The "toilet paper crisis" began in November when council members refused to sign off on a contract to buy a year's worth of new paper products, calling it a misuse of taxpayer money.

Mayor Tony Mack has spent the ensuing four months attempting to cajole them into reconsidering the $42,573 (£27,070) purchase. But he has yet to gain approval for a new deal, despite the council already setting aside necessary funds to finance it.

This week, the shortage reached crisis point as the city's police stations, fire departments, and senior citizens centres began to run out of everything from toilet roll to paper cups and towels. Employees were forced to bring their own supplies to work.

"It's beyond dysfunctional," complained George Dzurkoc, of the Policemen's Benevolent Association. He said yesterday the men's lavatories at the city's police HQ had run out of paper. "My God. Basic necessities. What are we going to have to do, start rationing?"

Surreal scenes, meanwhile, greeted visitors to City Hall, where the council president, Kathy McBride, was pictured in an empty basement store-room next to a half-empty box of toilet paper and a box of paper towels. She said they represented the building's last available supplies. "I'm embarrassed," she said. "I feel that we are doing an injustice to the residents of the city and its employees."

The dispute between Ms McBride's council and Mayor Mack is petty, even by the standards of civic politics. At its centre is a $4,000 provision in the original proposed supply contract for a year's worth of paper cups.

Council members, who have had numerous fallings-out with Mr Mack since his election in 2010, claimed it was too expensive. But when the mayor removed the cups from the contract, they still refused to sign the deal, claiming it wasn't properly put out to tender.

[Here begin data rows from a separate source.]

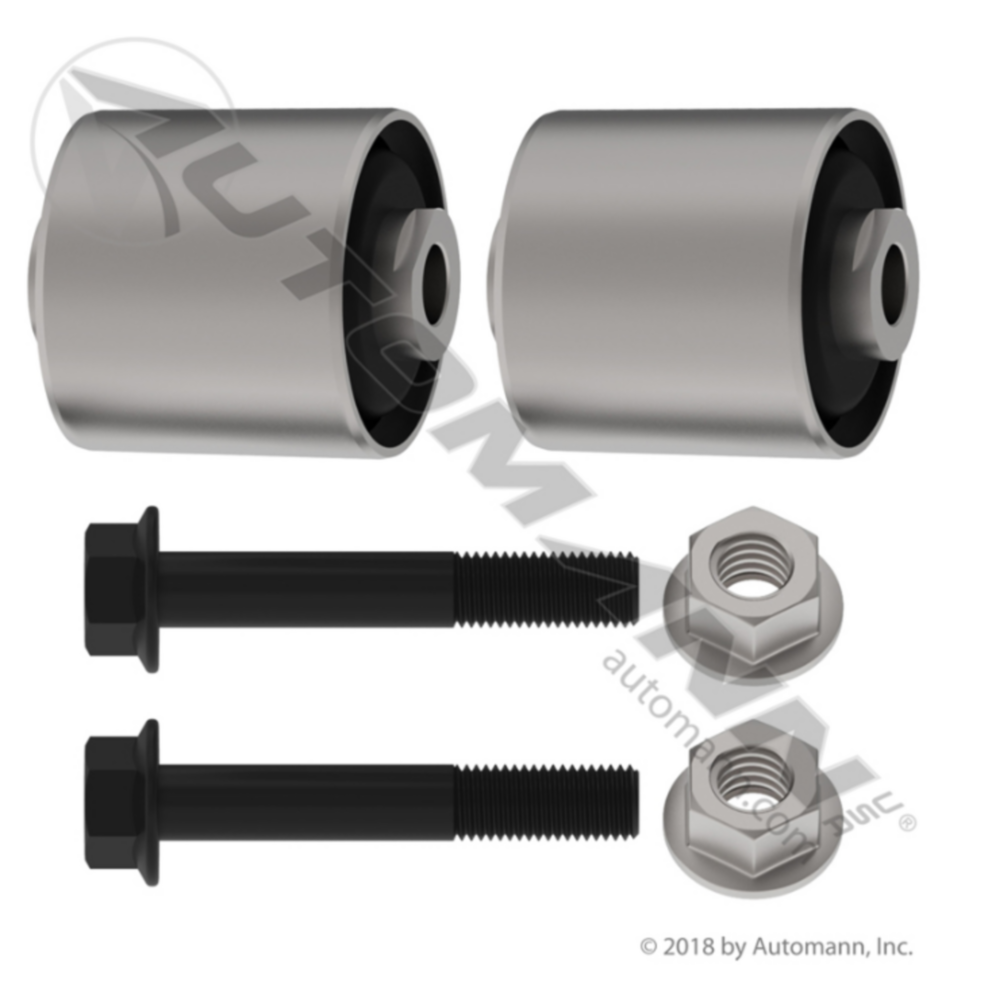 Automann Cab Mount Kit IHC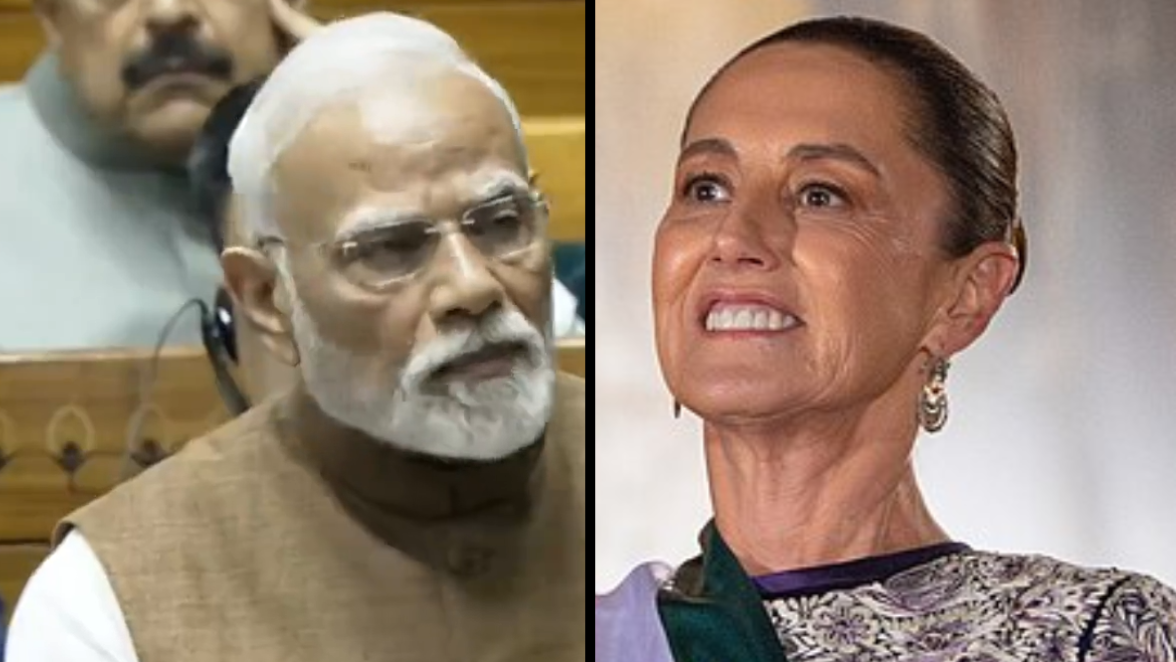 अमेरिका के बाद अब मैक्सिको से भारत को झटका! 50% तक टैरिफ लगा दिए अमेरिका के बाद अब मैक्सिको से भारत को झटका! 50% तक टैरिफ लगा दिए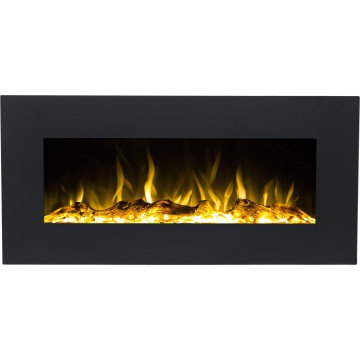 Фото2.ЕЛЕКТРОКАМІН AFLAMO FLASH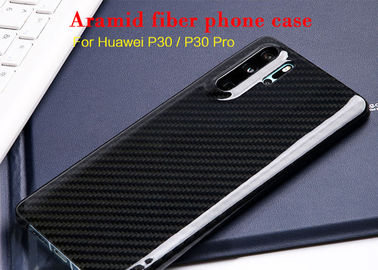 Kenakan Serat Aramid Tahan Kasus Huawei Untuk Huawei P30 Pro
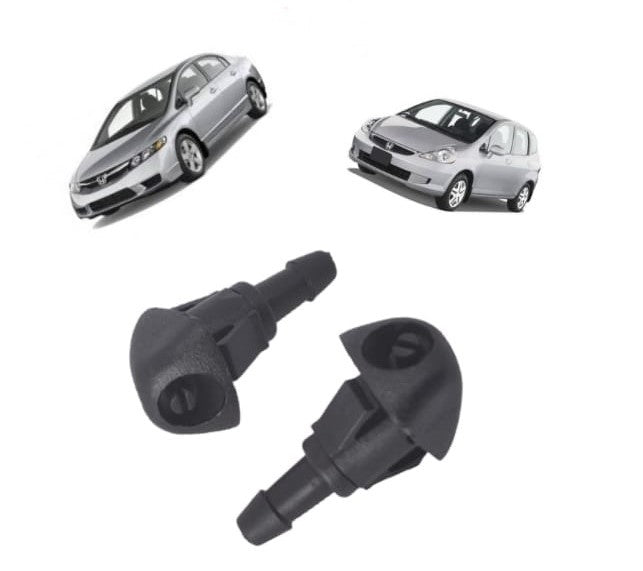 Bico Esguicho Brucutu Limpador Água New Civic Fit City 2007 2008 2009 2010 2011 76815SNAA01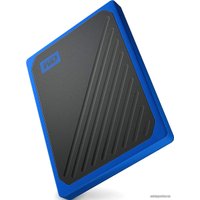 Внешний накопитель WD My Passport Go 1TB WDBMCG0010BBT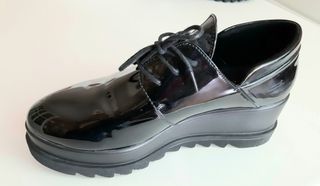 Zapatos Charol de mujer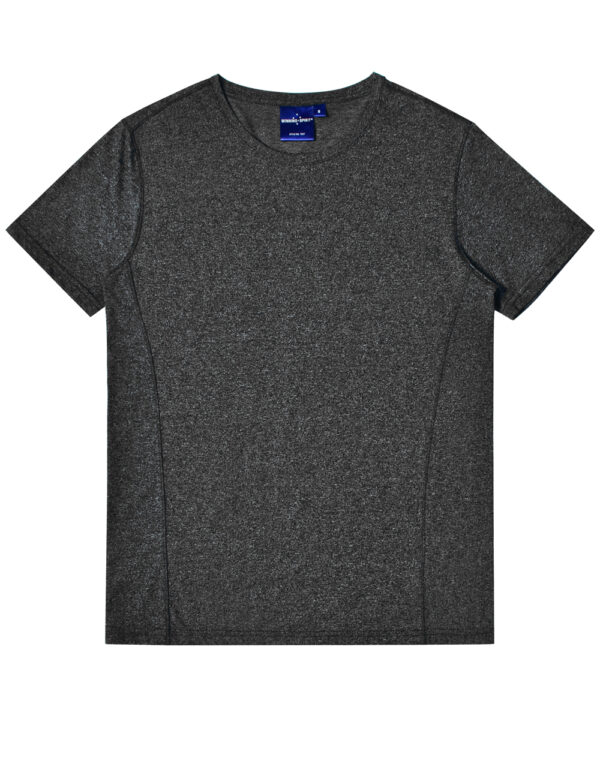 High Performance Heather Tee Men's - Image 3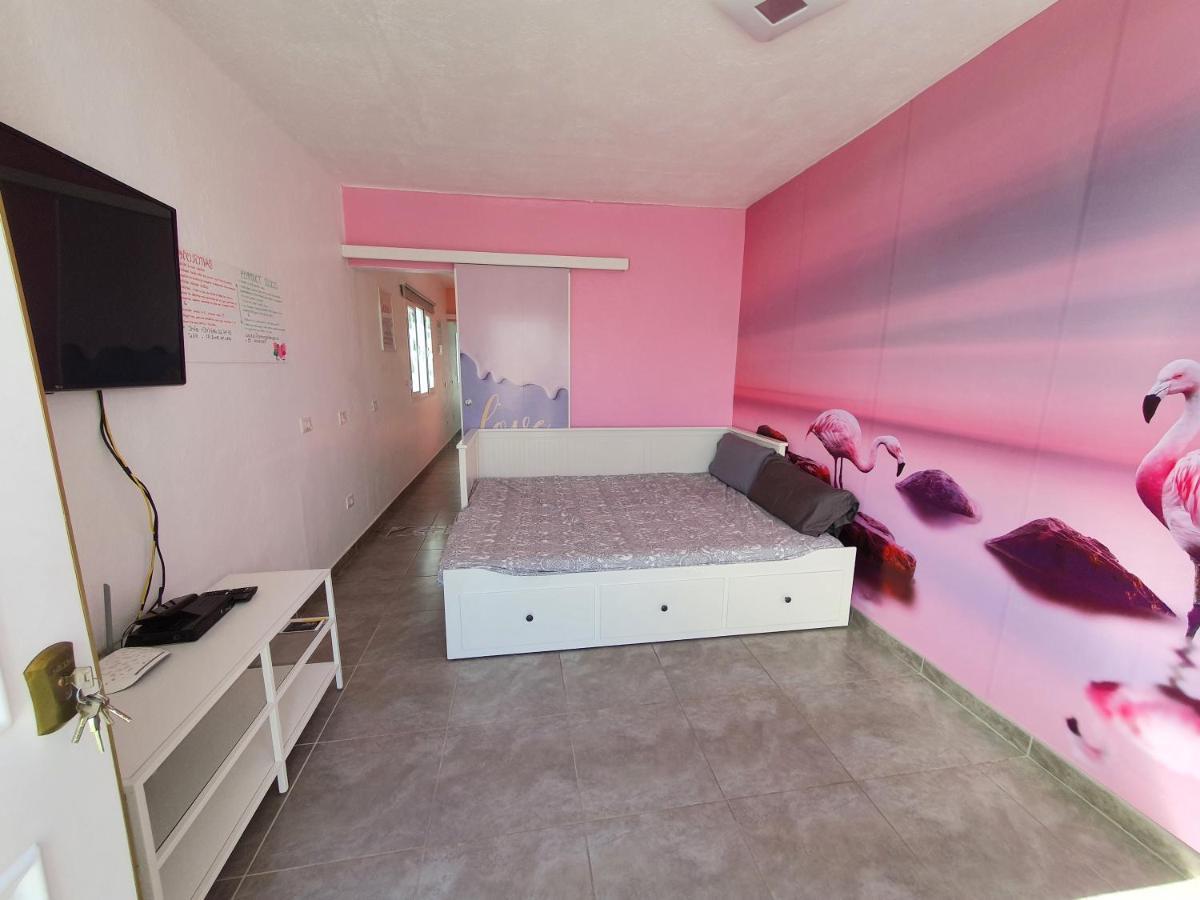 Sweet&Wine Apt With Terrace By Flamingo House Arrecife  Bagian luar foto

Three debates have ended in stalemate. The council, which spends $180 million each fiscal year, has demanded Mr Mack does more to source paper from a local supplier. It also wants him to try harder to prevent city employees from stealing loo roll.

All of which is a boon to late-night comedians, who have already been making unkind jokes about both New Jersey's most famous residents – the cast of Jersey Shore, who seem to exist largely on a diet of protein shakes, junk food and alcohol – and the bowel movements of its Governor, Chris Christie.